### GOAL OF THE EXERCISE
The required output is the lines below from the line containing "Daredevil And Jessica" to the line containing "Silber Gebraucht 2020", inclusive, retyped exactly. No other lines belong in it.

### DATASET
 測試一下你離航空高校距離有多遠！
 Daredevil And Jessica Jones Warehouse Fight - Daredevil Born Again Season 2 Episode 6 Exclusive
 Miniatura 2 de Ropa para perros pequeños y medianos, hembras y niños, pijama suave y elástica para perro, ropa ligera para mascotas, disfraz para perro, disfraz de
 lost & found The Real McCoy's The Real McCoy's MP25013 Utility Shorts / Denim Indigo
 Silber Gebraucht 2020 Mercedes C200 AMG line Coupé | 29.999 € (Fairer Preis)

...

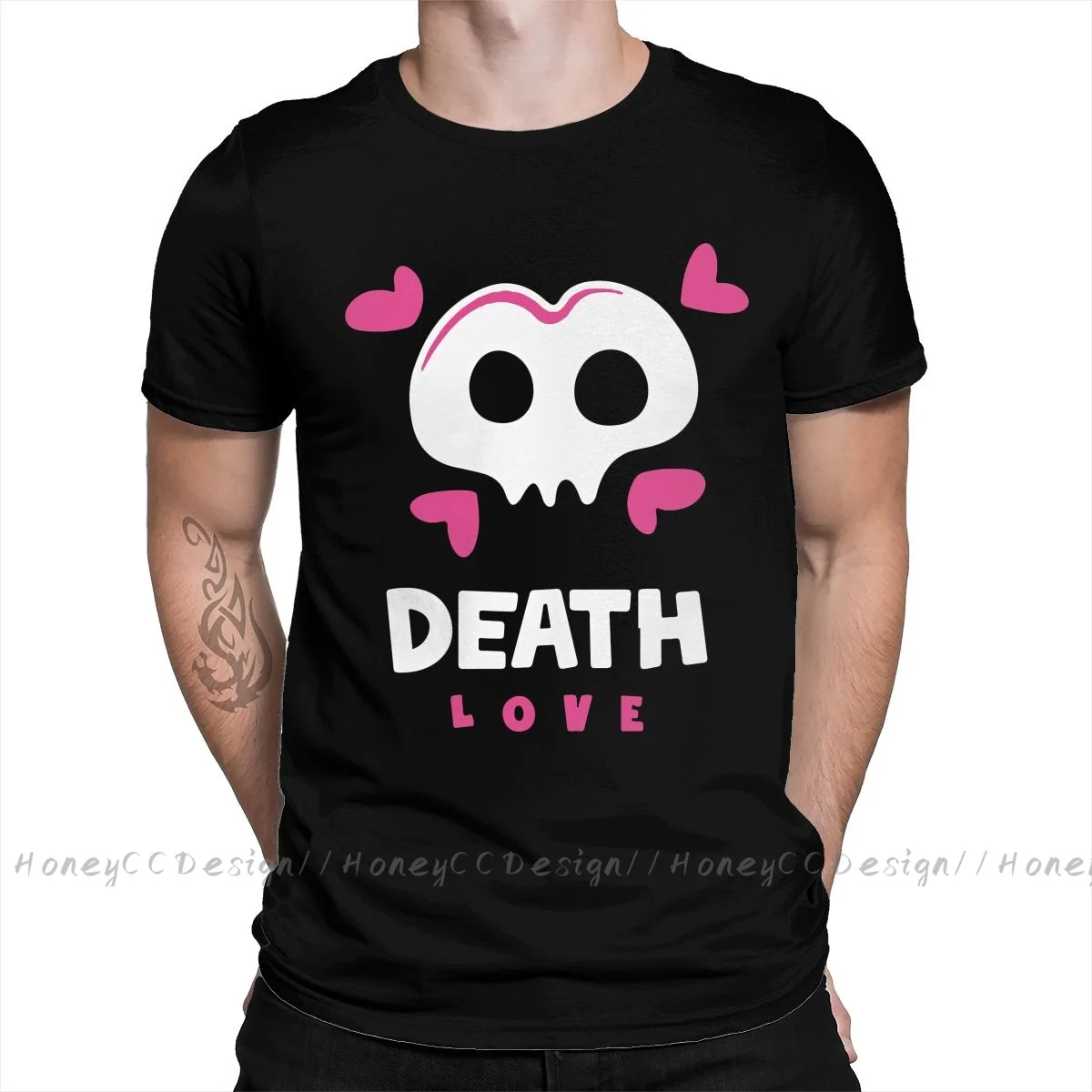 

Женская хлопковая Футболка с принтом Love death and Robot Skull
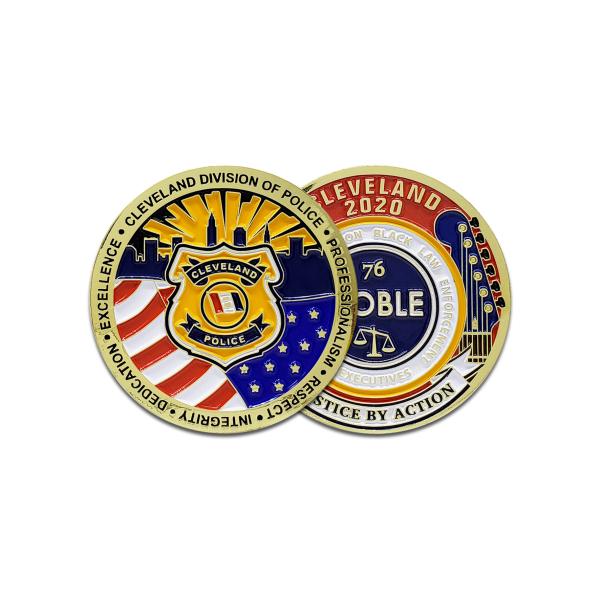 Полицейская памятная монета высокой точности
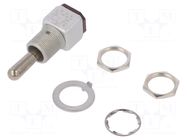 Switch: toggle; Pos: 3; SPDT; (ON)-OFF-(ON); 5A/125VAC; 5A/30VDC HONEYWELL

### COMPLETED EXERCISE
 Daredevil And Jessica Jones Warehouse Fight - Daredevil Born Again Season 2 Episode 6 Exclusive
 Miniatura 2 de Ropa para perros pequeños y medianos, hembras y niños, pijama suave y elástica para perro, ropa ligera para mascotas, disfraz para perro, disfraz de
 lost & found The Real McCoy's The Real McCoy's MP25013 Utility Shorts / Denim Indigo
 Silber Gebraucht 2020 Mercedes C200 AMG line Coupé | 29.999 € (Fairer Preis)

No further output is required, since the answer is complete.